CANADY, C.J., dissents with an opinion, in which POLSTON and LAWSON, JJ., concur.
The Defendants in this case include Orlando S. Muniz, M.D., Marianna OB/GYN Associates, Inc., Jackson Hospital, Bay Hospital, Inc., d/b/a Gulf Coast Medical Center (GCMC), and Stephen G. Smith, M.D.
We have jurisdiction. See art. V, § 3(b)(3), Fla. Const.
GCMC asserts in its answer brief to this Court that Morris never responded to its request for additional information. Answer Br. of Resp't GCMC at 5. The record supports GCMC's assertion.
Initially, the trial court also ordered Morris to pay "all of Dr. Thompson's fees and the attorneys' fees and taxable costs incurred by the Defendants in engaging in this discovery process" as a sanction for Morris's failure to provide the requested information during the presuit process. However, upon Morris's motion for rehearing, the trial court issued an order stating that "[u]pon further consideration this Court concludes that an award of Defendants' attorney's fees and taxable costs for conducting that discovery would be premature." Accordingly, the trial court "reserve[d] ruling" on that issue until it determined whether Dr. Thompson was a qualified corroborating expert.

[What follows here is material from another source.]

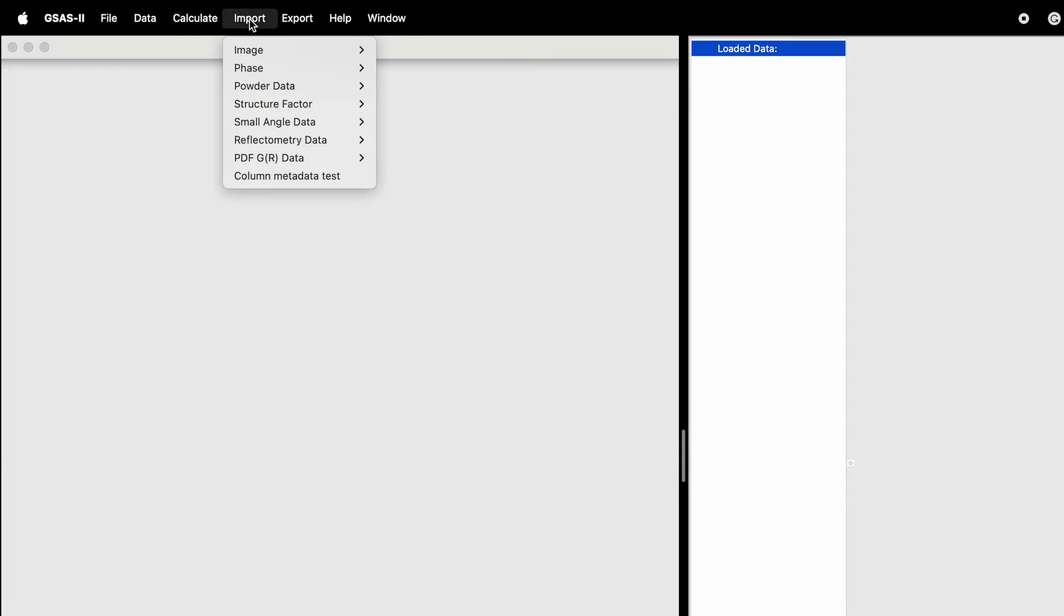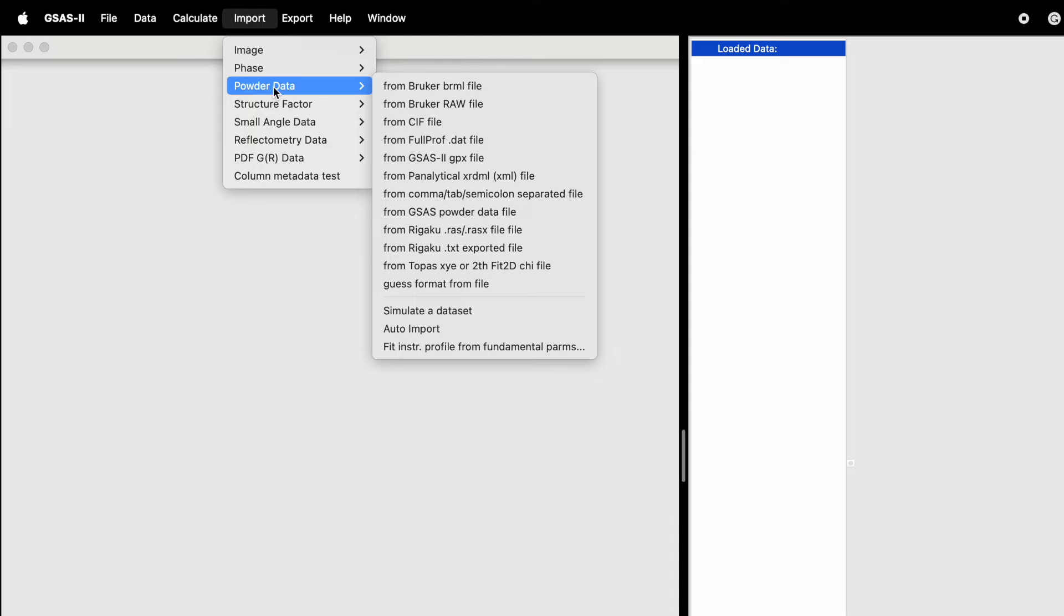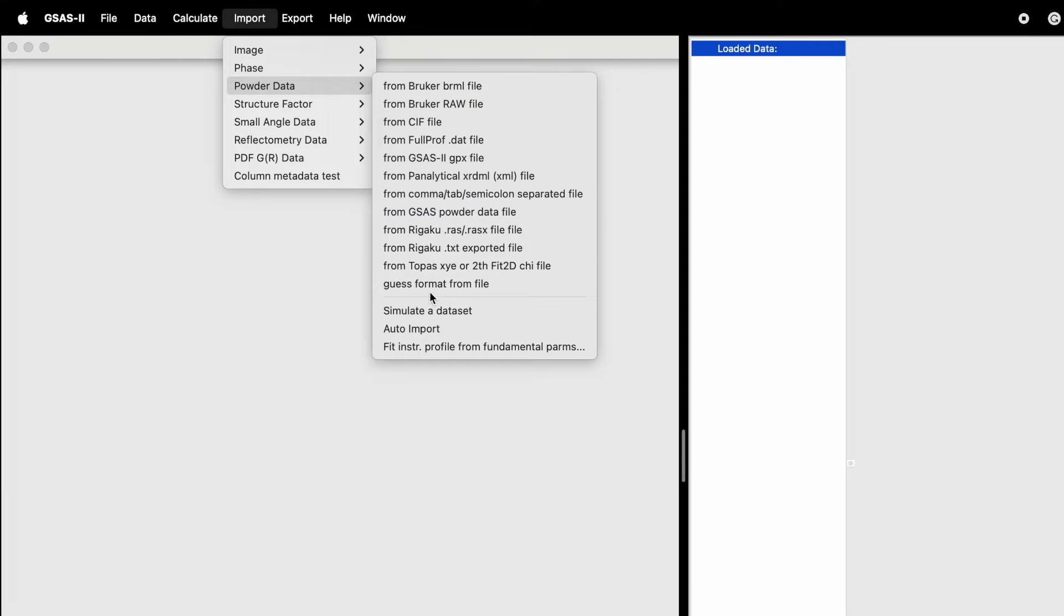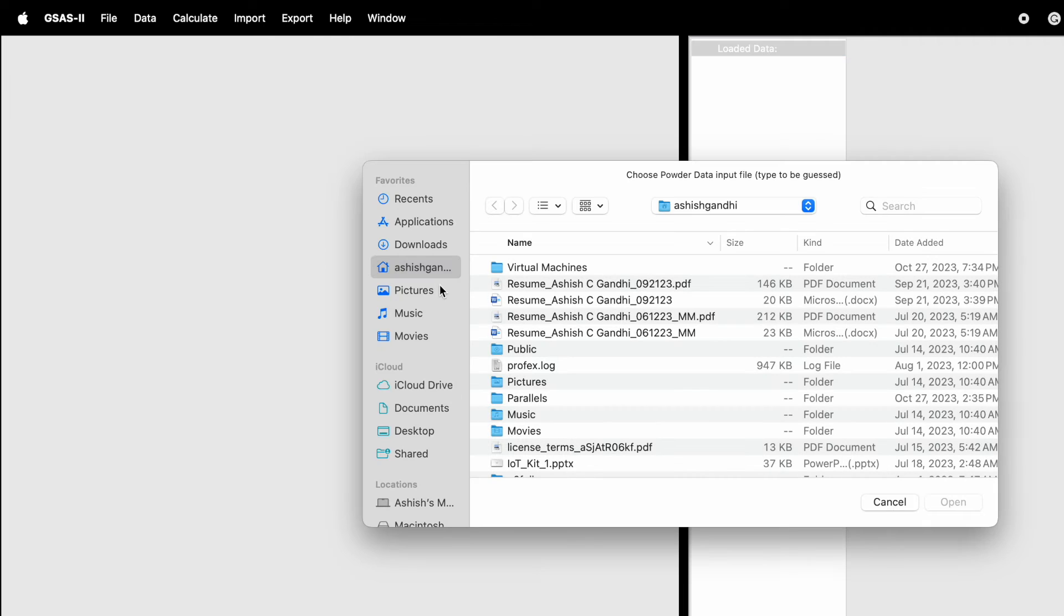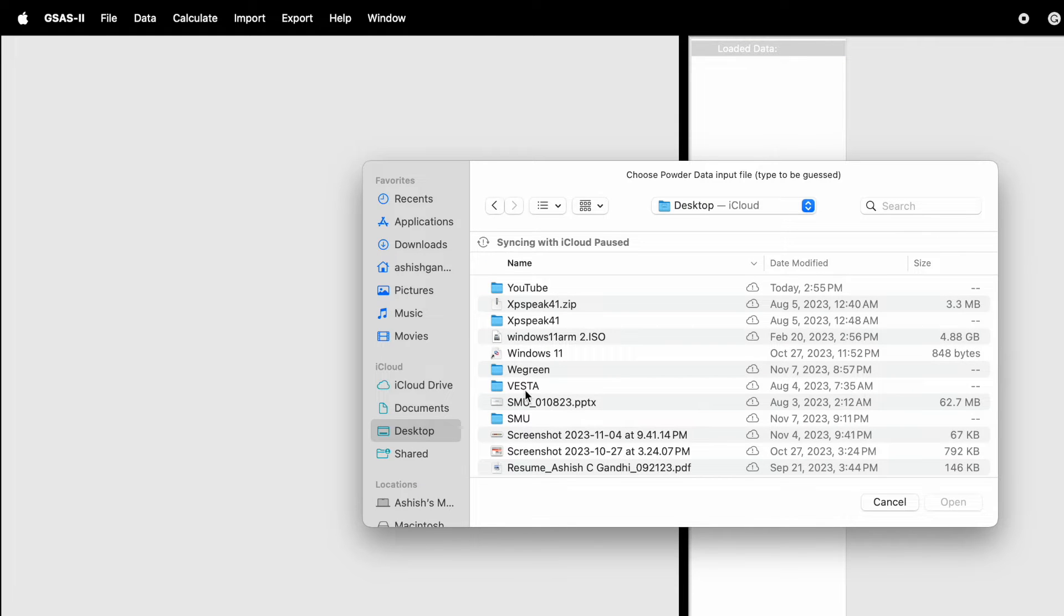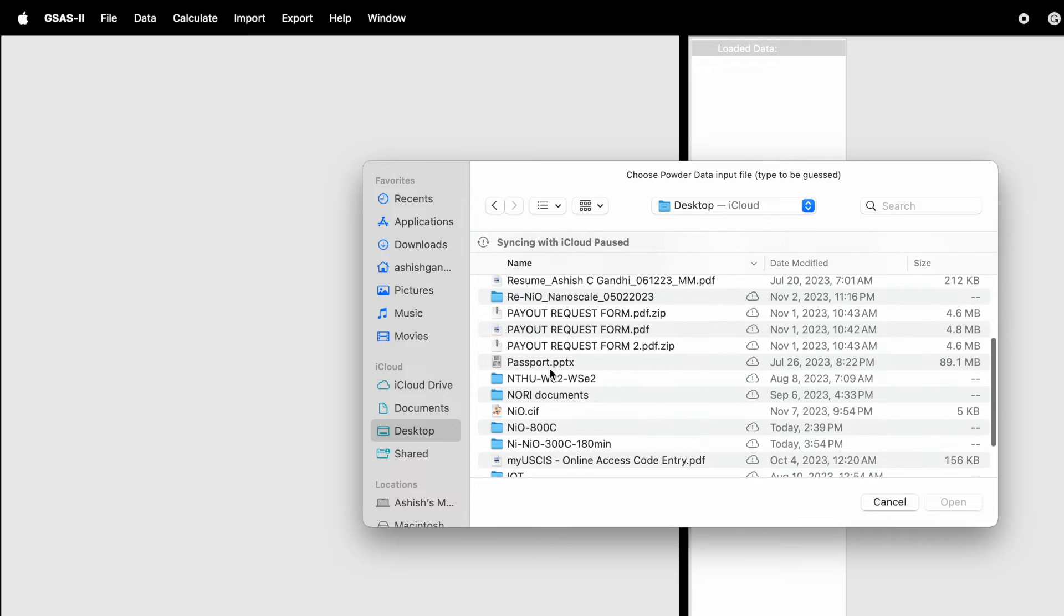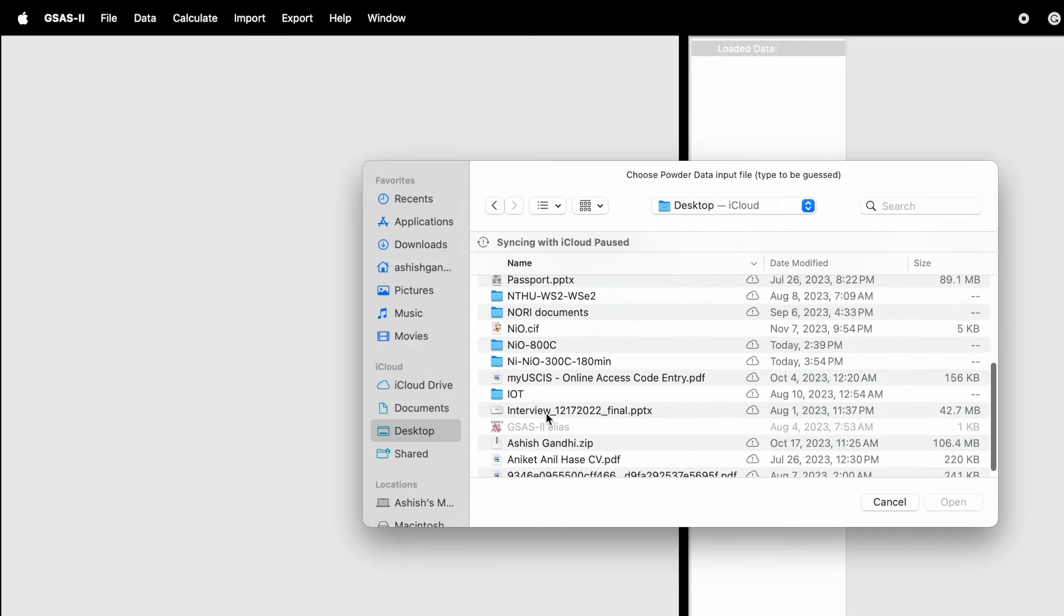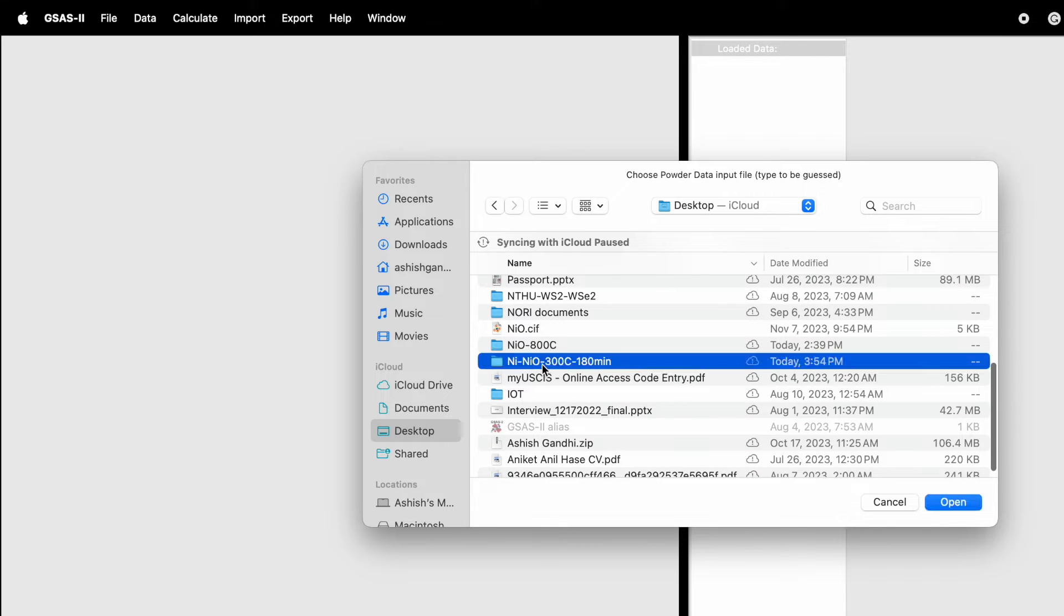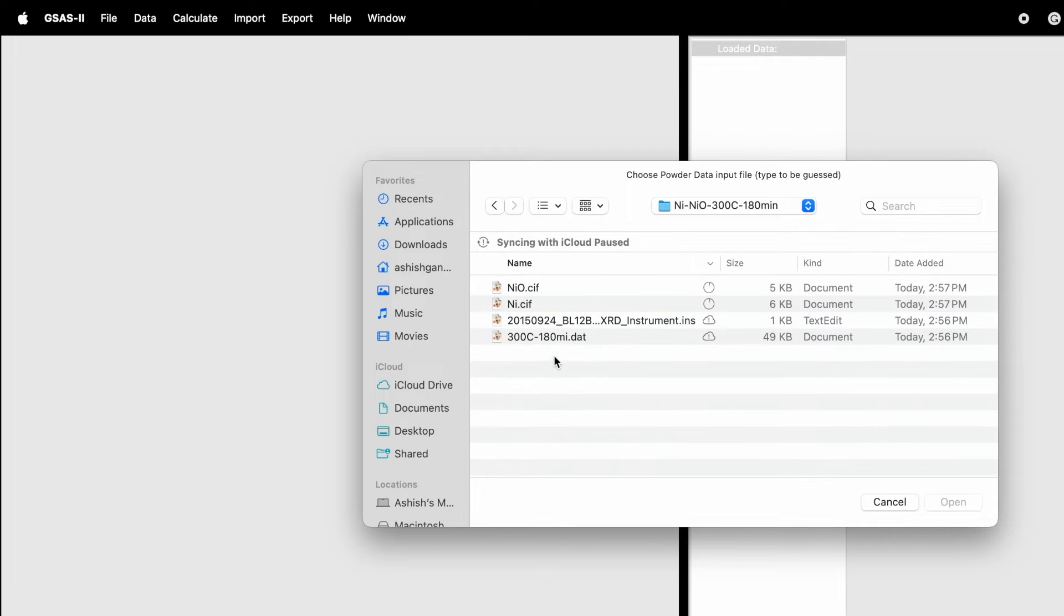To begin, click on Import, go to Powder Data, and click on Guess Format from File. The data is saved on the desktop in a folder called Nickel Nickel Oxide Sample.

Sections 766.202 and 766.102 were amended in 2003. Ch. 2003-416, § 48, Laws of Fla. Prior to 2003, a medical expert was defined as one who was "duly and regularly engaged in the practice of his or her profession who holds a health care professional degree from a university or college and has had special professional training and experience or one possessed of special health care knowledge or skill about the subject upon which he or she is called to testify or provide an opinion." § 766.202(5), Fla. Stat. (2002). There was no cross-reference to section 766.102.
An analysis of the bill that amended sections 766.202 and 766.102 suggests that the changes were made in an attempt to eliminate the occurrence of specialists testifying against nonspecialists and general practitioners. The analysis observes:
A great deal of litigation has occurred as a result of attempting to interpret and apply the provisions of s. 766.102(2), F.S. The terms "medical specialty," "specialty," "specialist," and "discipline or school of practice" are not defined in the statutes. As a result, it is not uncommon for trial court judges to allow specialists to testify against non-specialists and general practitioners.

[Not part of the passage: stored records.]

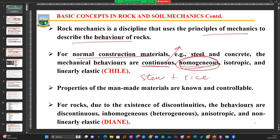Our normal construction materials — which human beings are able to define the properties of — are continuous, homogeneous, and isotropic. Isotropic simply means when I test the strength of a material in any direction, it should be the same. If I pick a spoon designed in a factory and test the strength of the handle along its length, axially or laterally, I should get the same properties in all directions, because the material was uniformly mixed. That is isotropic behavior.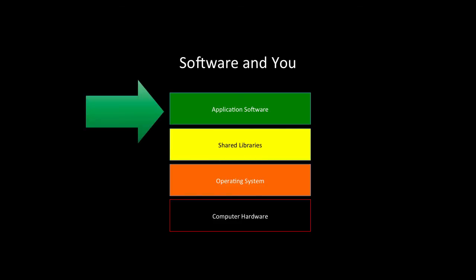Finally, we get to the layer that we generally call software. Games, word processing, even the recording software I'm using to put all this together. This is what we generally see. It's what humans normally interact with. We hit keys, we look at the screen, the whole thing appears to work, and we are getting access to the hardware in a way that we want.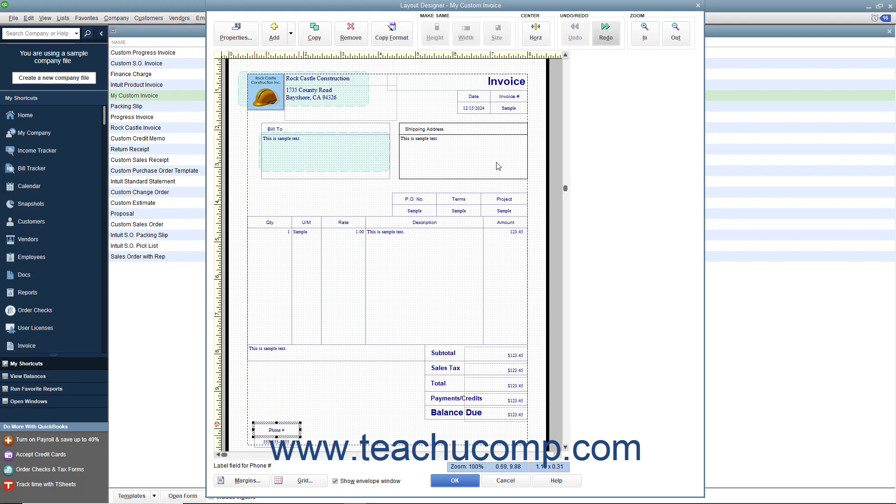After making changes within this window, you can then click the OK button at the bottom of the window to save the layout changes and return to either the Basic Customization or Additional Customization window, depending on which window you were previously viewing. You can also click the Cancel button if needed to cancel any layout design changes you made and return to the previously opened customization window.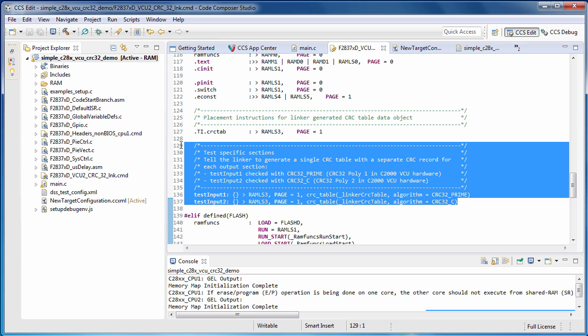In our case, we have two output sections with CRC table operators that use the same name for the CRC table, so only a single table will be created, but the linker will create a separate CRC record in that table for each of the two output sections. The test input 1 section will be checked using the CRC32 prime algorithm, and the test input 2 section will be checked using the CRC32C algorithm.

Fla. S. Comm. on Health, Aging, and Long-Term Care, CS for SB 2-D (2003), Staff Analysis & Economic Impact Statement 18 (Aug. 12, 2003) (available at Fla. Dep't of State, Fla. State Archives, Tallahassee, Fla.).
Medical malpractice is the only area of law where the Legislature has imposed strict requirements on the testimony of experts. All other areas are governed by section 90.702, Florida Statutes (2018), entitled "Testimony by experts." Thus, in creating its own requirements for expert testimony, the Legislature has severely limited the ability of trial judges to determine whether an expert is qualified.
See
Simmons v. State
,
The trial court also found that Dr. Thompson was not qualified under section 766.102(9), which states that in an action for damages involving a claim against a physician licensed under certain chapters "providing emergency medical services in a hospital emergency department, the court shall admit expert medical testimony only from physicians ... who have had substantial professional experience within the preceding 5 years while assigned to provide emergency medical services in a hospital emergency department." However, Morris has made clear that Dr. Thompson never intended to assert that she was qualified to give such testimony, stating in her response to the Defendants' motion to dismiss in the trial court that she "did not bring a claim against ER physicians regarding any ER physicians' treatment and care. Thus such argument is moot." Morris continues to hold that position in this Court.